> _Instructions to follow_
Verbatim copy without pictures. Please print every entry as it stands.
=-=-=-=-=
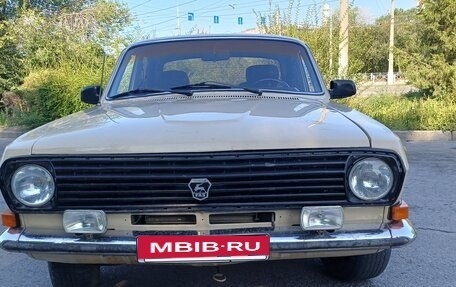 ГАЗ 24 «Волга», 1991 год, 260 000 рублей, 2 фотография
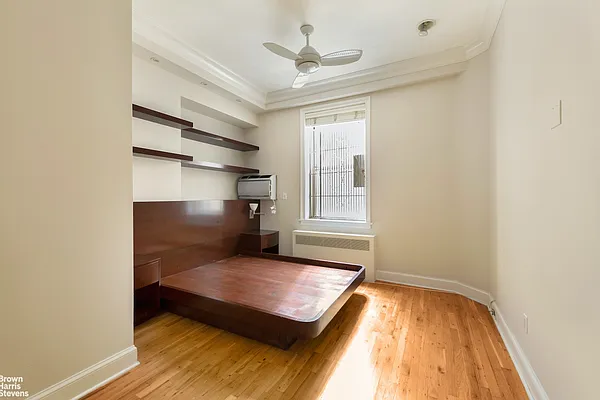 Rented by Brown Harris Stevens | media 15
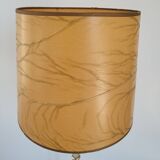 Arlus 1950 vintage table lamp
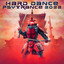 Hard Dance Psy Trance 2022 cover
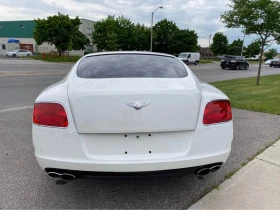 Bentley Continental gt CARFAX* АВТОФИНАНСИРАНЕ БЕЗ ПЪРВОНАЧАЛНА ВНОСКА - 97000 лв. / 49595.31 € - 64994022 5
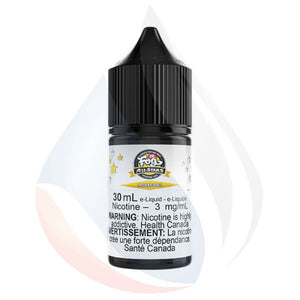 Monkey Biz - Dr. Fog's All Stars [E-Juice]
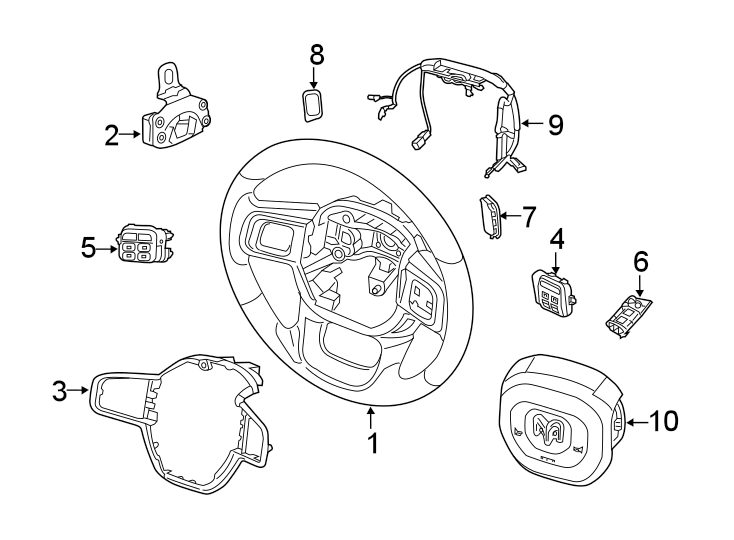 1STEERING WHEEL & TRIM.https://images.simplepart.com/images/parts/motor/fullsize/TH19470.png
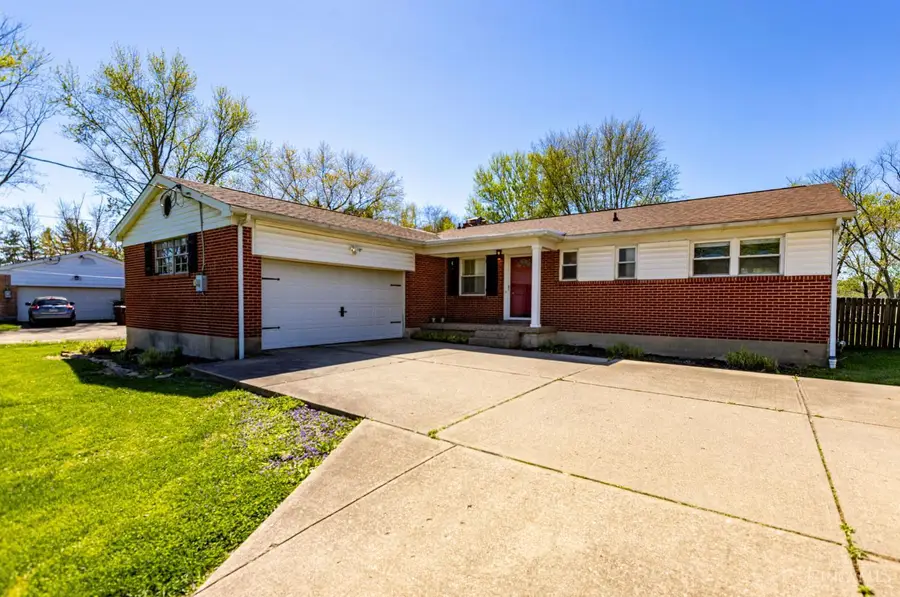12175 Snider Road, Sycamore, OH 45249 - #2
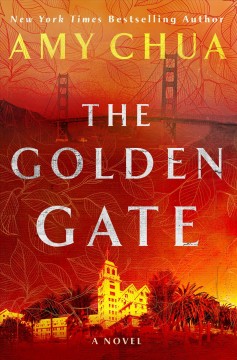 The golden gate  Cover Image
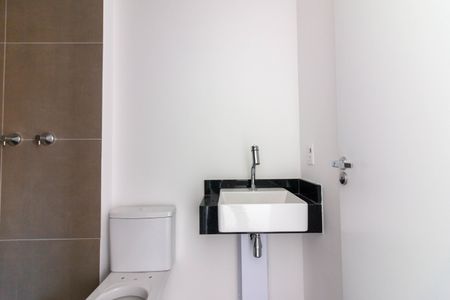 Apartamento à venda com 120m², 3 quartos e 2 vagasBanheiro Suíte 2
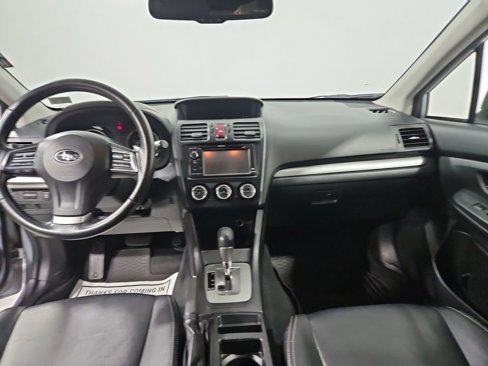 Used 2013 Subaru Crosstrek 2.0i Limited w/ Popular Pkg 1 image 18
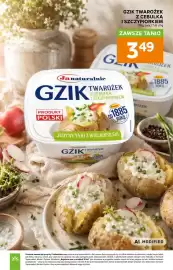 Stokrotka Market gazetka tydzień 32 Strona 13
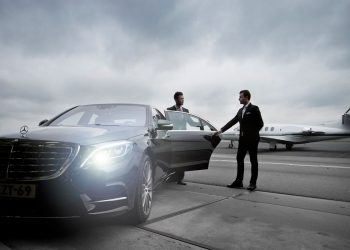 Putting Safety First: Why Corporate Transportation Services are a Secure Travel Option for Professionals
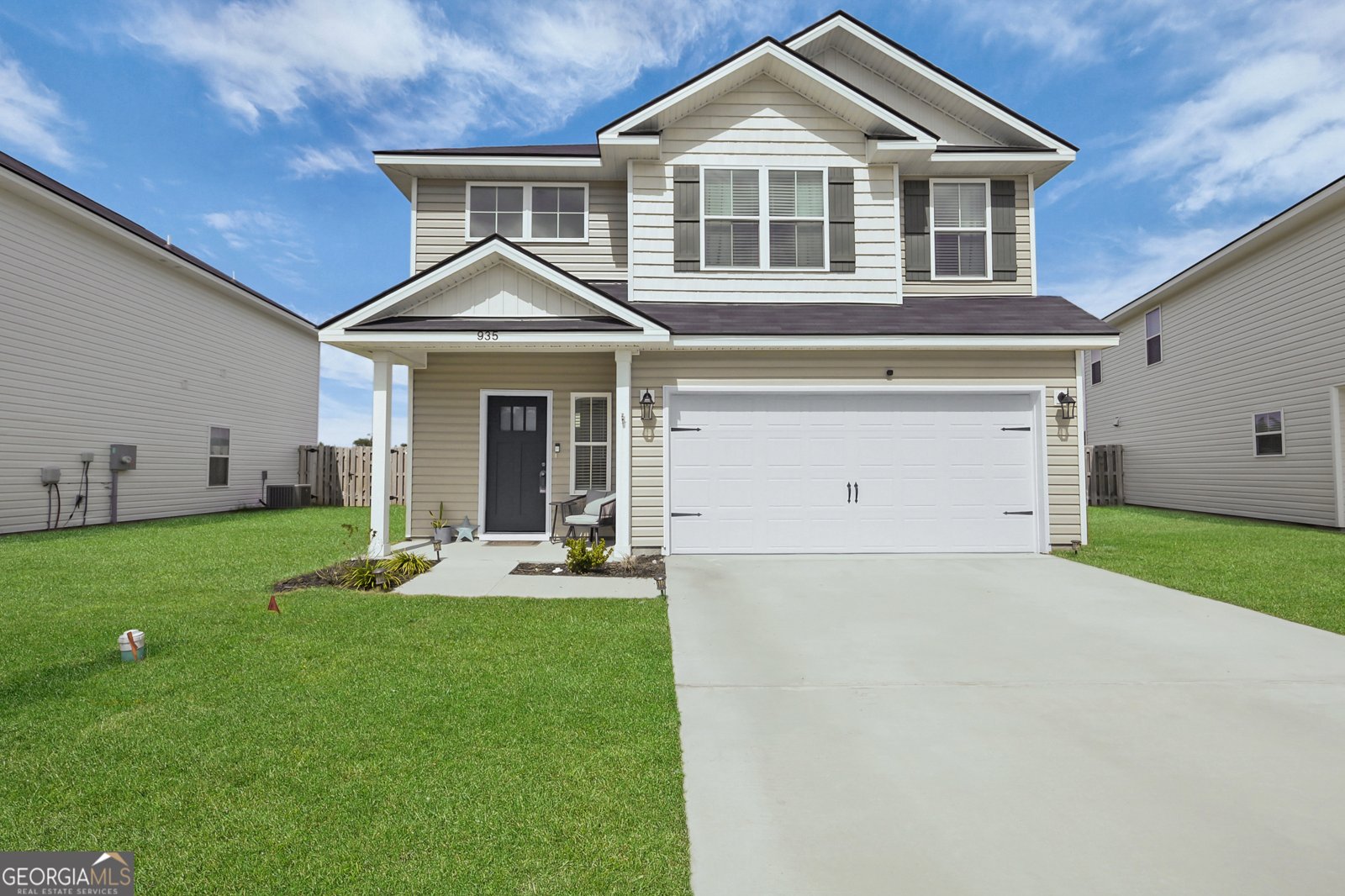 935 Abode Avenue Hinesville - 2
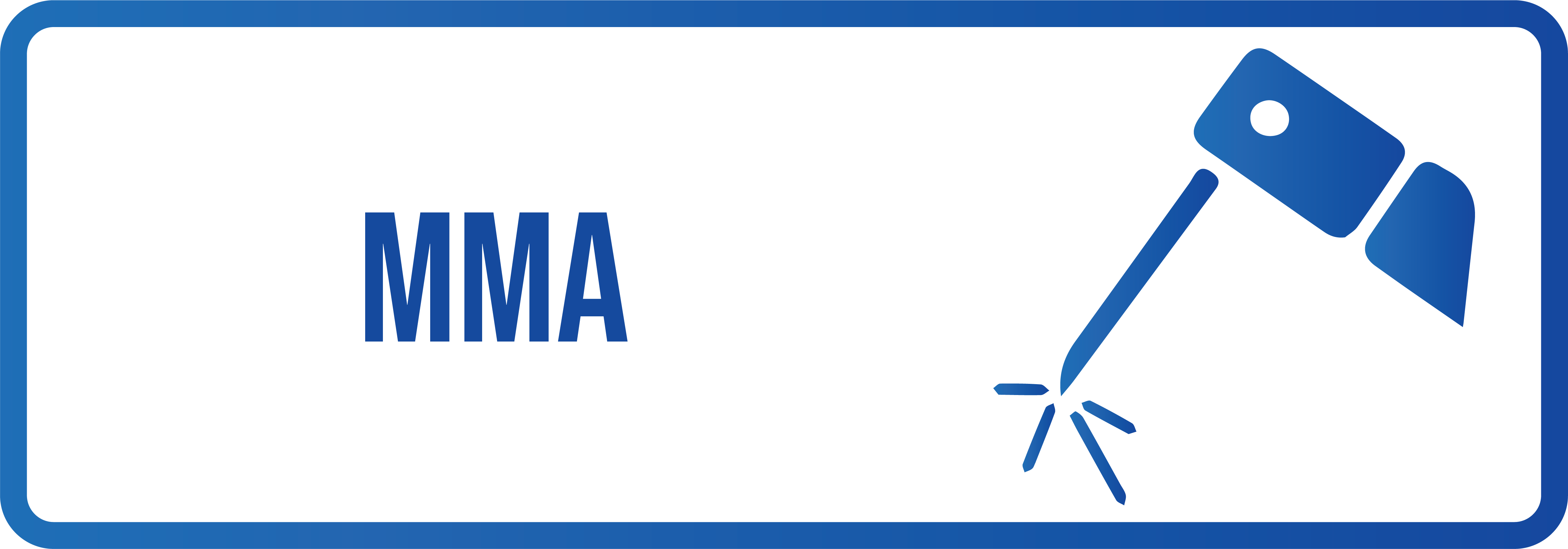 mma mma
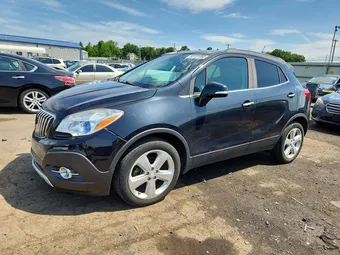 2015 Buick Encore KL4CJCSB0FB239937 Lot 56701356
=-=-=-=-=
> _Output for this exercise_
 ГАЗ 24 «Волга», 1991 год, 260 000 рублей, 2 фотография
 Rented by Brown Harris Stevens | media 15
 Arlus 1950 vintage table lamp
 Hard Dance Psy Trance 2022 cover
 Bentley Continental gt CARFAX* АВТОФИНАНСИРАНЕ БЕЗ ПЪРВОНАЧАЛНА ВНОСКА - 97000 лв. / 49595.31 € - 64994022 5
 Monkey Biz - Dr. Fog's All Stars [E-Juice]
 1STEERING WHEEL & TRIM.https://images.simplepart.com/images/parts/motor/fullsize/TH19470.png
12175 Snider Road, Sycamore, OH 45249 - #2
 The golden gate  Cover Image
 Apartamento à venda com 120m², 3 quartos e 2 vagasBanheiro Suíte 2
 Used 2013 Subaru Crosstrek 2.0i Limited w/ Popular Pkg 1 image 18
 Stokrotka Market gazetka tydzień 32 Strona 13
 Putting Safety First: Why Corporate Transportation Services are a Secure Travel Option for Professionals
 935 Abode Avenue Hinesville - 2
 mma mma
 2015 Buick Encore KL4CJCSB0FB239937 Lot 56701356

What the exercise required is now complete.